▶ [TASK DIRECTIONS] Give again, word for word, the line holding "this 474×233 image." and every line after it through the end of the data below. Omit pictures.

Recorded data
********************

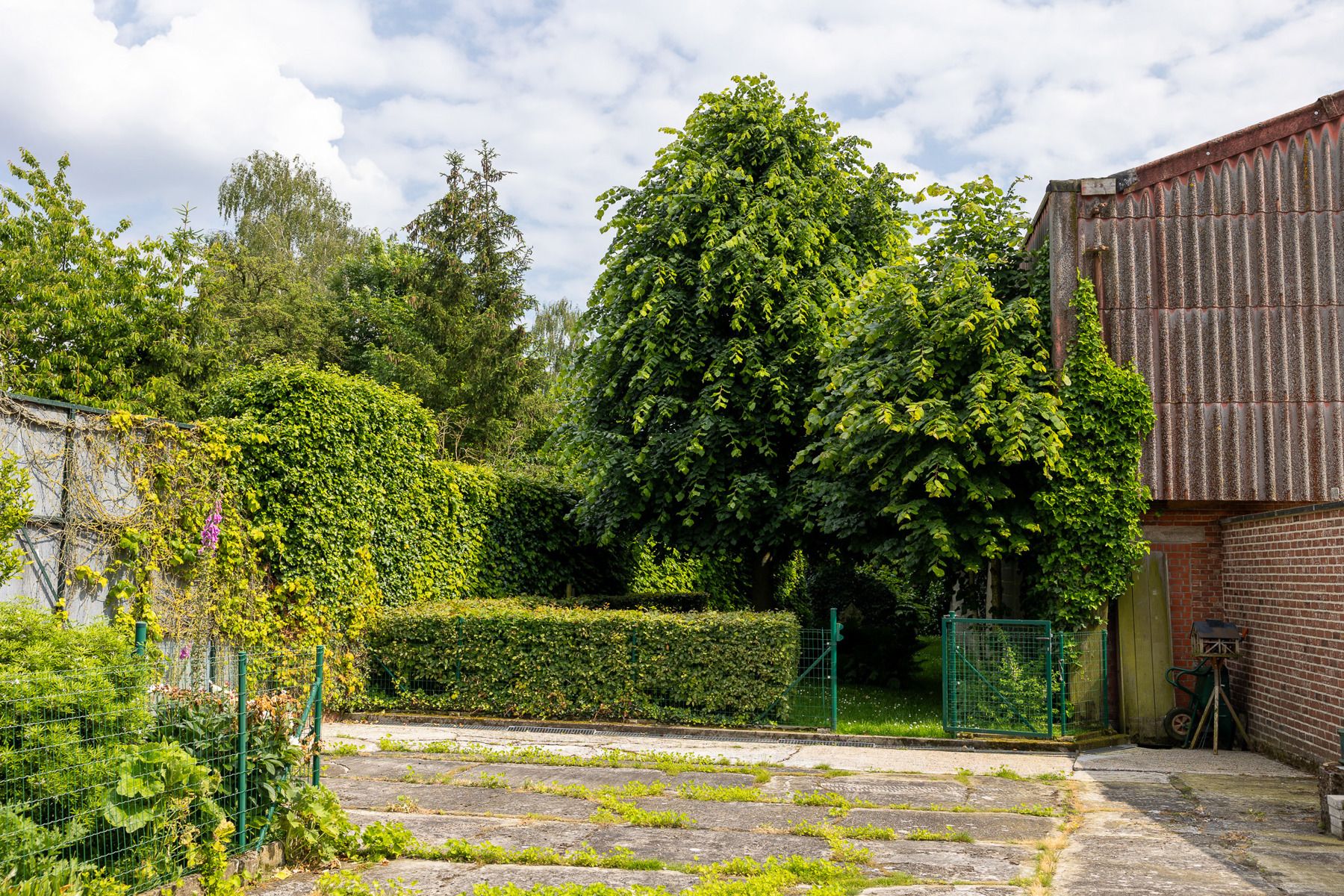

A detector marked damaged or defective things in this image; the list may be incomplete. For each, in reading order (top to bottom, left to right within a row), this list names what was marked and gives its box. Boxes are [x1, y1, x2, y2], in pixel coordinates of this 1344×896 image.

rusty corrugated siding [1048, 100, 1344, 505]
cracked concrete driveway [254, 725, 1344, 896]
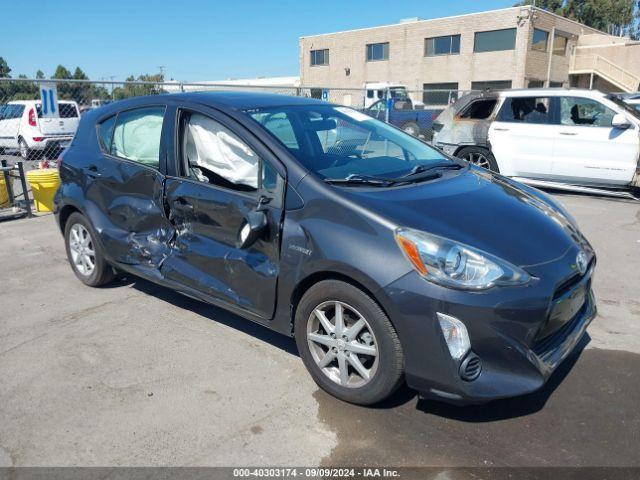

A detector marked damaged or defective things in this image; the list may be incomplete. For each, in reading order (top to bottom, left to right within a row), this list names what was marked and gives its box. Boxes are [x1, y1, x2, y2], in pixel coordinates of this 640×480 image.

damaged hatchback car [52, 93, 596, 404]
broken side molding [510, 176, 640, 201]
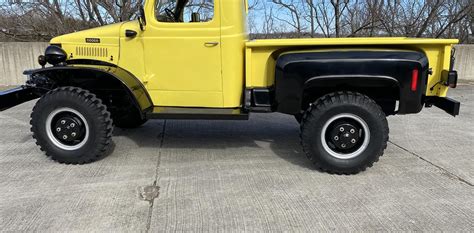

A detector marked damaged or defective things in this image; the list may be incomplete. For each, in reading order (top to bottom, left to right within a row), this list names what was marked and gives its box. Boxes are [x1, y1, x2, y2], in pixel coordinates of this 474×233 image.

crack in concrete [144, 120, 167, 233]
crack in concrete [390, 140, 472, 187]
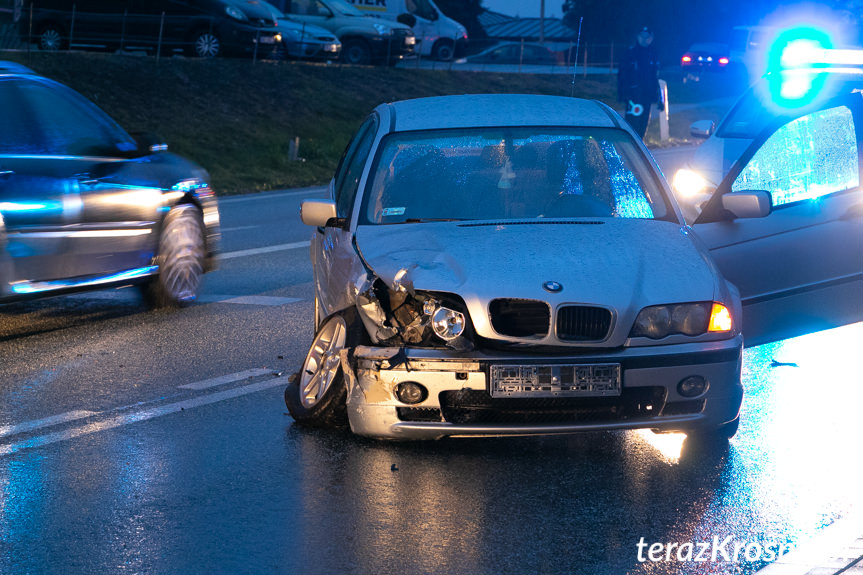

********************

▶ [RESULT FOR THIS EXERCISE]
A detector marked damaged or defective things in this image; the list may be incomplete. For each, in reading order (top to bottom, left to right within a row), this list names what was marked and gives its box. Boxes are [x1, y1, x2, y2], in pixel coordinates of this 474×233 image.

crack in concrete [144, 120, 167, 233]
crack in concrete [390, 140, 472, 187]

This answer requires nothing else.